Even in interviews, Brewer comes across an evocative storyteller, sharing anecdotes about the blues musicians who helped inspire ‘’Black Snake Moan’’- the title is taken from a song by bluesman Blind Lemon Jefferson – and displaying an encyclopaedic knowledge of the genre’s history. (His love of music is evident by his next two projects: an “outlaw country music movie” titled ‘’Maggie Lynn’’ and a biopic of African-American country & western star Charley Pride that would reunite Brewer and ‘’Hustle & Flow’’ star Howard.) Brewer is also keen to convey that his latest movie should be viewed a piece of art with a heightened take on reality. “I’m not saying that this is a realistic portrayal of people in the south,” he laughs. “Look at the clothes Rae is wearing, look at the size of the chain. I was inspired by the writings of Tennessee Williams and the short stories of Flannery O’Connor. But the chain and the radiator do mean something – when I’ve kind of lost my mind, I’ve wanted something very solid and immovable in my life to yank me back, to snap some sense into me.”

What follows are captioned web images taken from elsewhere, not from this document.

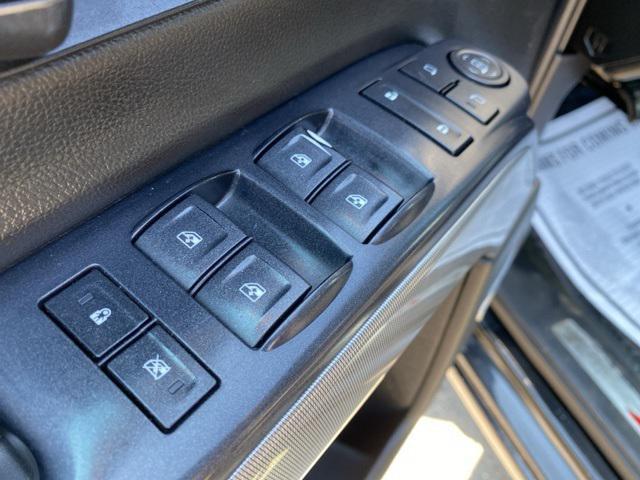 used 2015 Chevrolet Silverado 2500 car, priced at $34,950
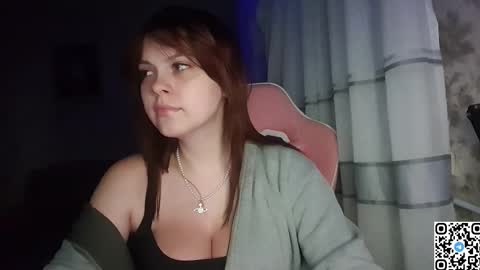 Snapshot of kristibloom chatting on September 20, 2025, 6:09 pm Christie online show from September 20, 2025, 6:09 pm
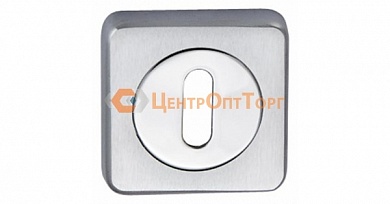 Накладки Venus MBC (МБС) Normal key, хром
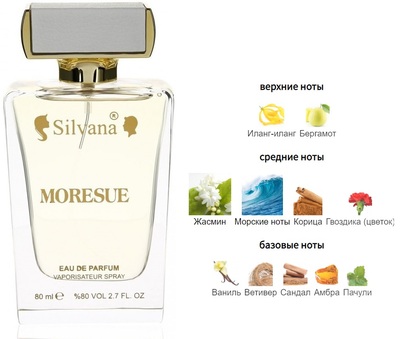  Silvana Silvana U10 Moresque Regina ( U10 Moresue ) 80  ()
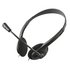 Trust Action Chat Headset - Black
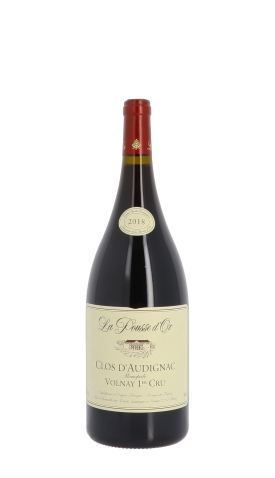Domaine de La Pousse d'Or, Clos d'Audignac 2018 Rouge Magnum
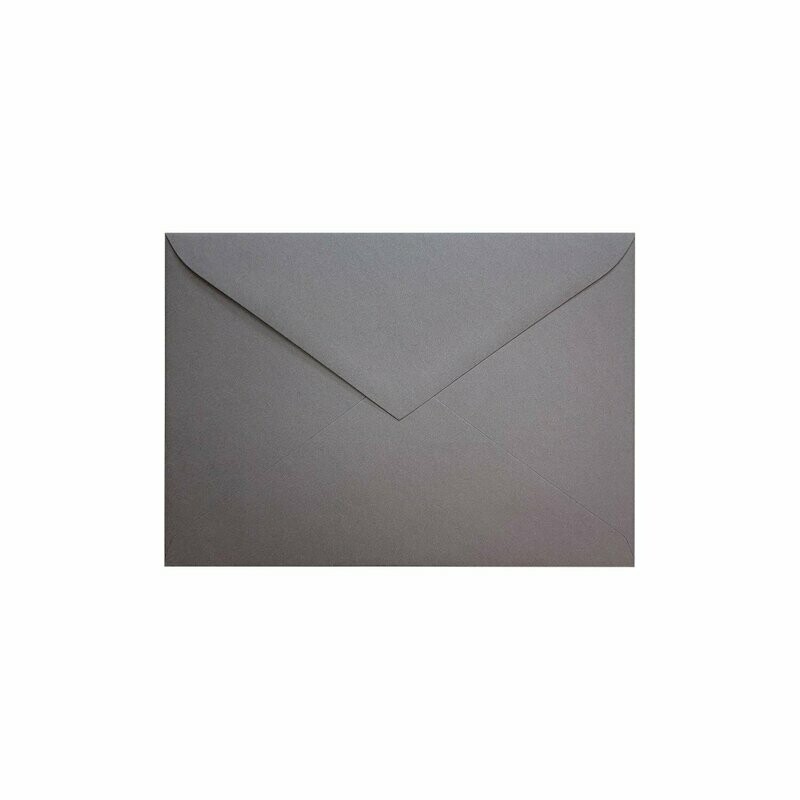 Sobres Mínimo Correos | Basic Colors Gris Piedra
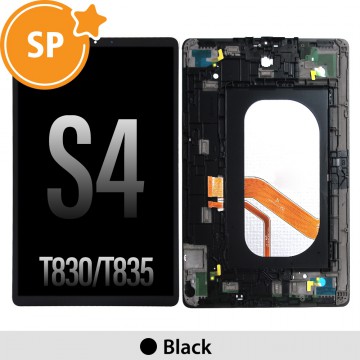 Samsung Galaxy Tab S4 10.5 T830 (Wi-Fi) / T835 (LTE) Screen Digitizer Replacement GH97-22199A (Service Pack)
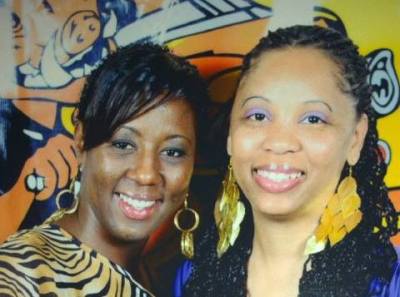 Netra Dangerfield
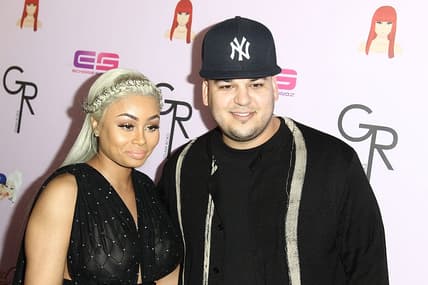 Blac Chyna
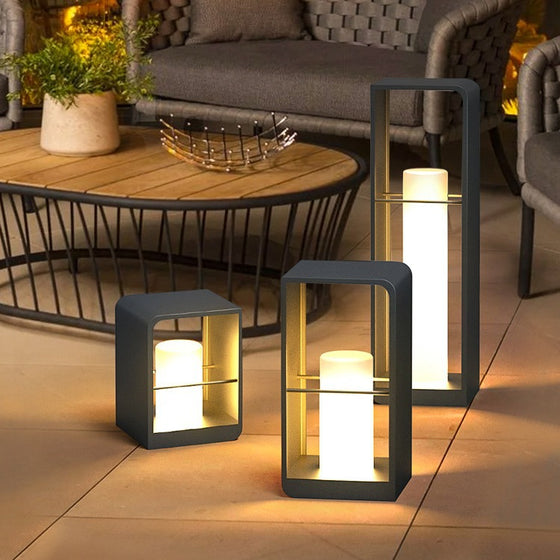 Solar Powered Waterproof Outdoor Garden Light Outdoor & Pond Lighting product image 1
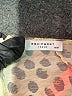 Equipment 100% Silk Print Yellow Shorts Size M - photo 3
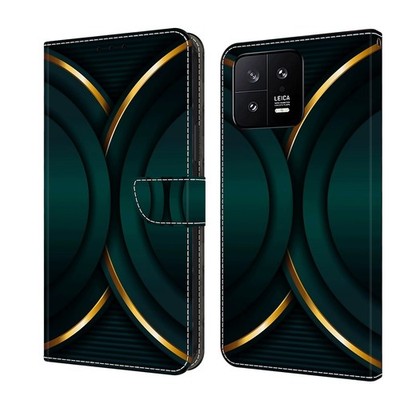 Handy Tasche für Xiaomi Redmi Note 13 14 15 Pro Pro+ Flip Cover Case SchutzHülle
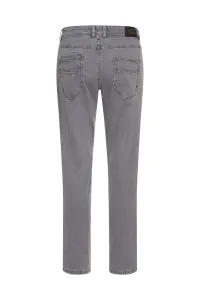 Džínsy Camel Active 5-Pkt Relaxed Fit Stone Gray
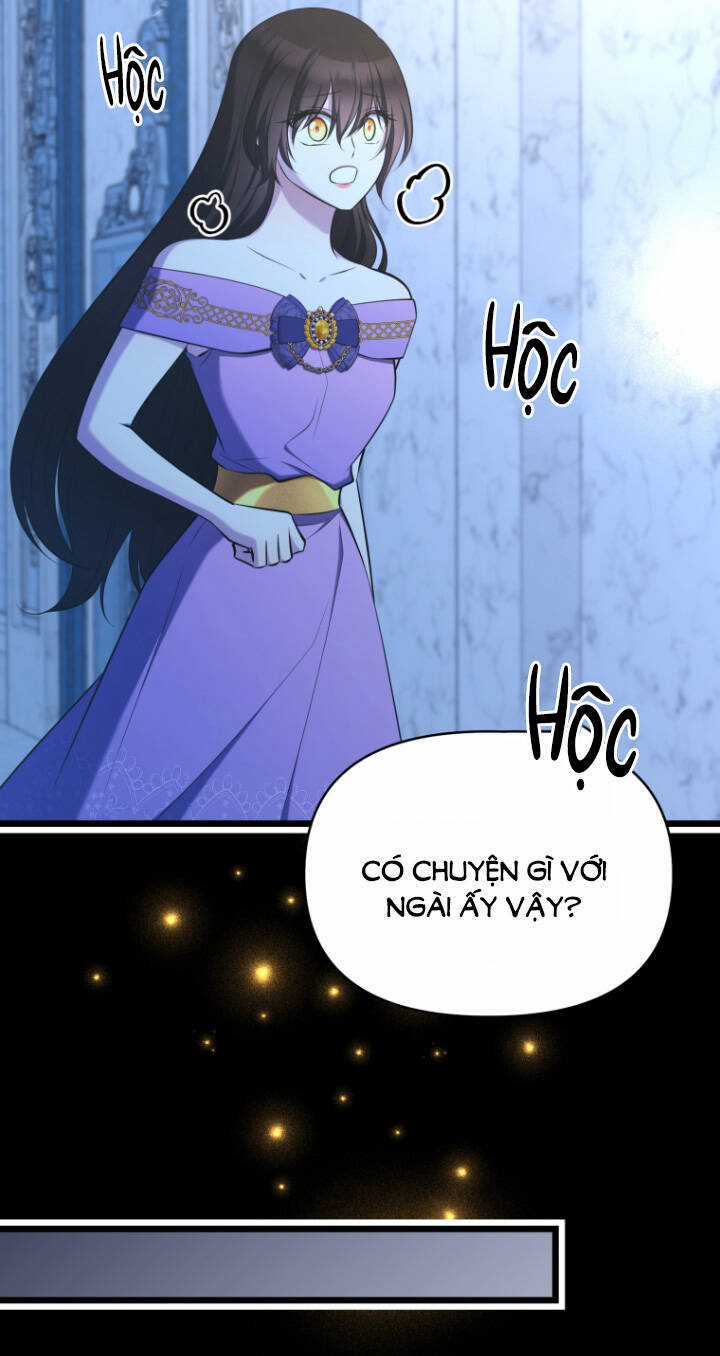 Hoàng Đế Bệ Hạ Là Mãnh Thú Chapter 49 trang 63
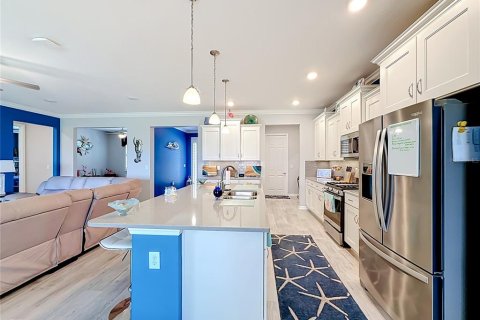 Villa ou maison à vendre à Ocala, Floride: 3 chambres, 212.56 m2 № 2291612 - photo 22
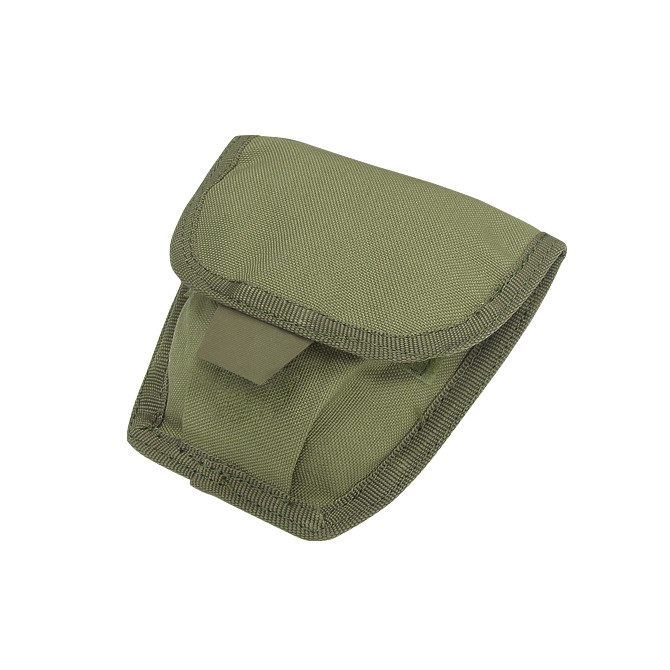 Kieszeń Na Kajdanki Condor Handcuff Pouch - Oliwkowa (MA47-001)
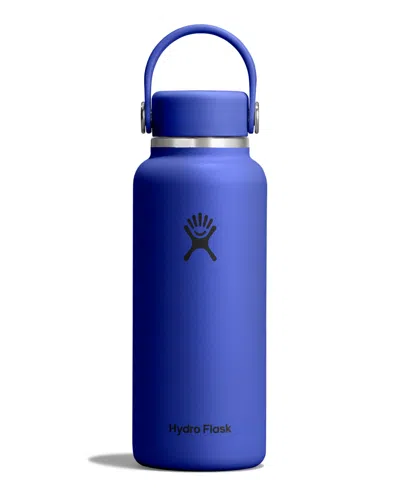Hydro Flask 400 ml Insulated Micro Bottle In Blue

For Brewer, his home town of Memphis, Tennessee acts as that “solid and immovable” force, and the themes that have recurred in his two films so far pay tribute to that. “There is something special in the soil in Memphis, Tennessee, something that’s always been there,” he says. “My family always moved around a lot but we were always anchored in Memphis, Tennessee – we were always meaning to go back there. And I was feeling kind of lost in my young adult life but when I moved back to Memphis, all my passions and obsessions came into focus and I started making films there. I did that with a community of musicians, hustlers, drug dealers, strippers, pimps, car thieves – they all wanted to help me make my first movie. And I couldn’t put myself in a position to judge. I didn’t know them on a criminal or immoral level, I just knew them as people. We have people in our families that we can’t help but love, even if they do bad things sometimes. I felt very embraced by this community, and I put that in my films. So I am very aware of those things because I feel that I have personally benefited from those particular qualities in people and communities. Hustle & Flow is about me making that first film – I was trying to shoot it on a video camera, my wife and I had nothing but we were trying to make something out of it. The best things to come out of Memphis make something out of nothing.”
Black Snake Moan opens in cinemas this Thursday.